===== RECORDS FOR PROCESSING =====

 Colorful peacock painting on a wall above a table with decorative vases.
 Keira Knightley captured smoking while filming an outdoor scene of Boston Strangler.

=====
===== RECORDS FOR PROCESSING =====

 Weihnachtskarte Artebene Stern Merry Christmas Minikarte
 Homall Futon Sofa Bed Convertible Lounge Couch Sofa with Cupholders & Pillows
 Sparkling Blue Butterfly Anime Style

=====
===== RECORDS FOR PROCESSING =====

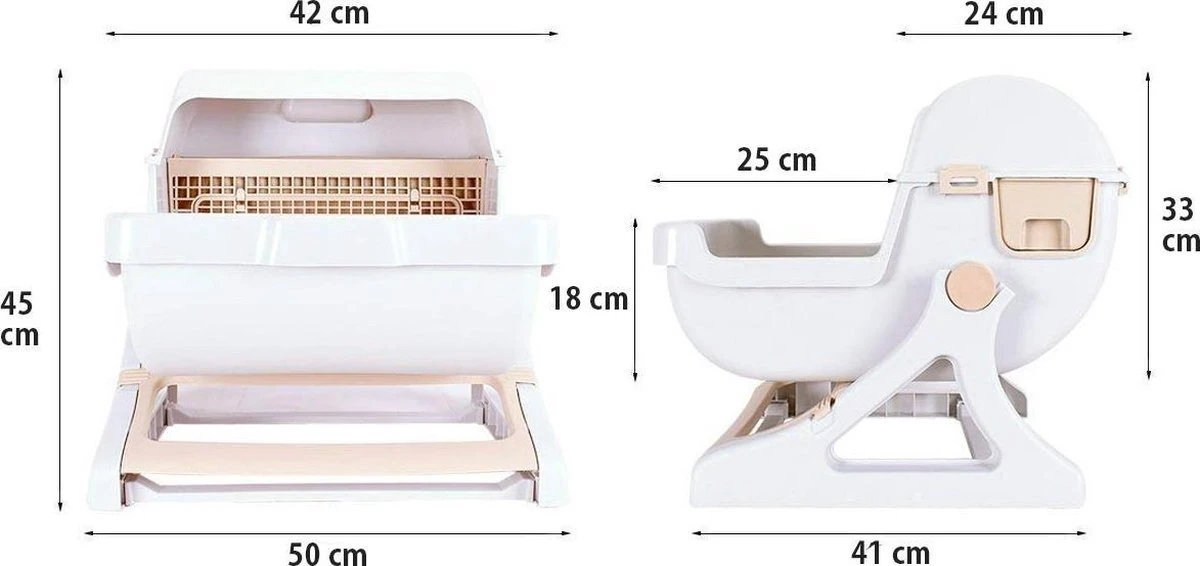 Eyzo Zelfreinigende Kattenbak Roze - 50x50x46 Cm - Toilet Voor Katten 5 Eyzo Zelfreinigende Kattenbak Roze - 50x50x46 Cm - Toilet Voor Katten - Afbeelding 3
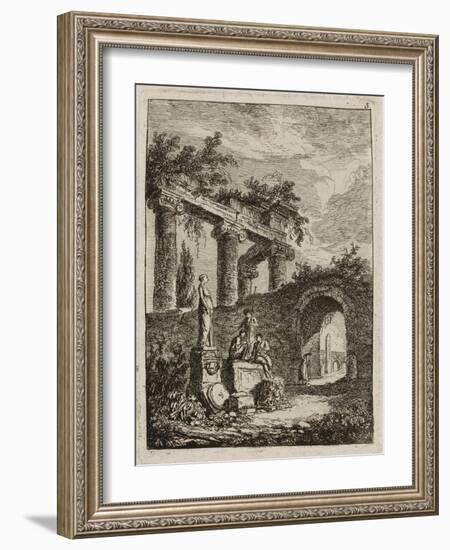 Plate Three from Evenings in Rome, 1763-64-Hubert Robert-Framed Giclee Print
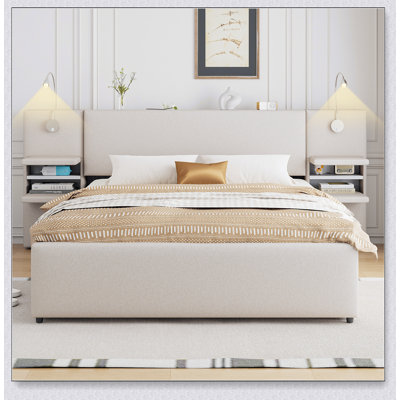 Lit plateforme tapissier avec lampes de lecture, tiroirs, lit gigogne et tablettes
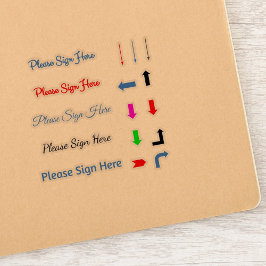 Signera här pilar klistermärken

=====

WORK INSTRUCTION: Taking the entries above, write out exactly each line from the one holding "Colorful peacock painting" to the one holding "Keira Knightley captured", both included, and stop there.

RESULT OF THE TASK:
 Colorful peacock painting on a wall above a table with decorative vases.
 Keira Knightley captured smoking while filming an outdoor scene of Boston Strangler.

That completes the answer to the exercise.